Its very rarity made the identification quite positive—even before I had confirmed it by proving that your calculating machine was the portable remote-control box through which you operated the geofractors, Mr. Basilisk.”

Ashen, palsied, the little man was cowering back from him.

His hunted eyes flashed up at the enormous bulk of the falling geofractor, swelling ever more swiftly in the greenish sky.

They came back to Chan, magnified by the thick lenses, lurid with a triumphant hatred.

“What if I am the Basilisk?” his shrill voice whined defiantly.

“I’m still the winner—because I’ve had my revenge, and none of you can escape.

If we had three minutes—now I think we’ve less than two.”

“Perhaps it doesn’t matter.”

Nodding almost abstractedly, Chan turned from that colossal falling mechanism and the silent people waiting for it.

“But still there’s something I’d like to know.” He scowled at the trembling gambler.

“Why should you want revenge— upon so many of us?”

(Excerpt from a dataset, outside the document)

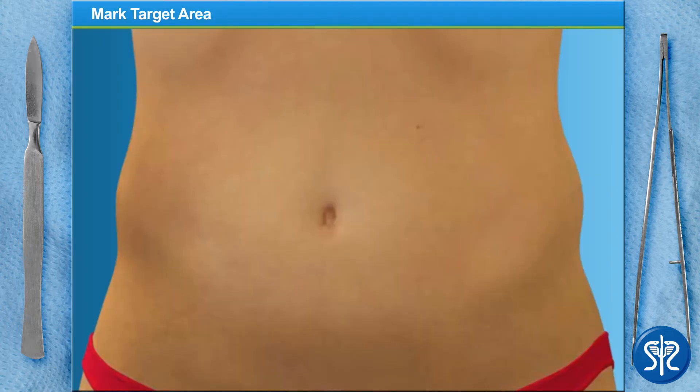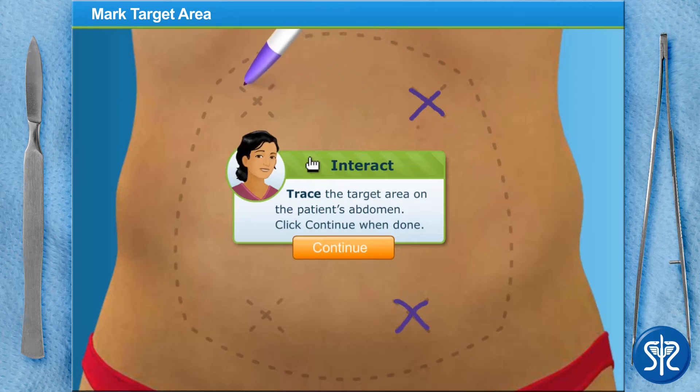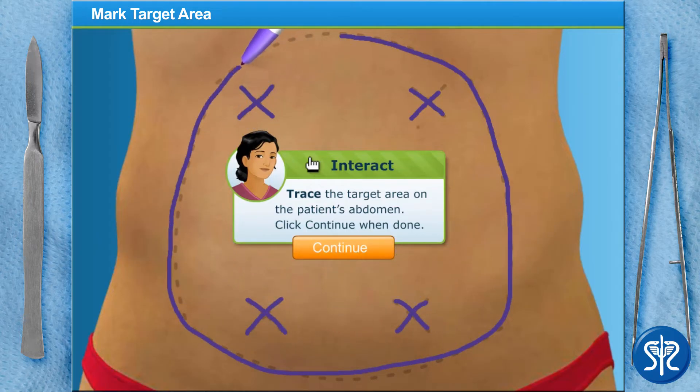The first thing we need to do is mark the target area. This provides our patient and ourselves with a clear idea of where we'll be removing fat deposits. Why don't you give it a shot? That looks great!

“Because my people were Purples.”

Savagery twisted Davian’s thin gray face.

“My mother’s family had once been favorites of the emperors. I believe my real father was Eric the Pretender.

It was the Green Hall that crushed the empire, and drove us into exile.”

His narrow shoulders stiffened with a supercilious pride.

“But for all of you—the Legion and the Council and the keeper of the peace, I should have been a prince of the Purple Hall.”

“I see.”

Chan Derron glanced sadly at the limp, unconscious form of the keeper of the peace and John Star standing guard beside her— and his breath caught.

“But that isn’t all you’ve done,” Davian’s bitter voice ran on.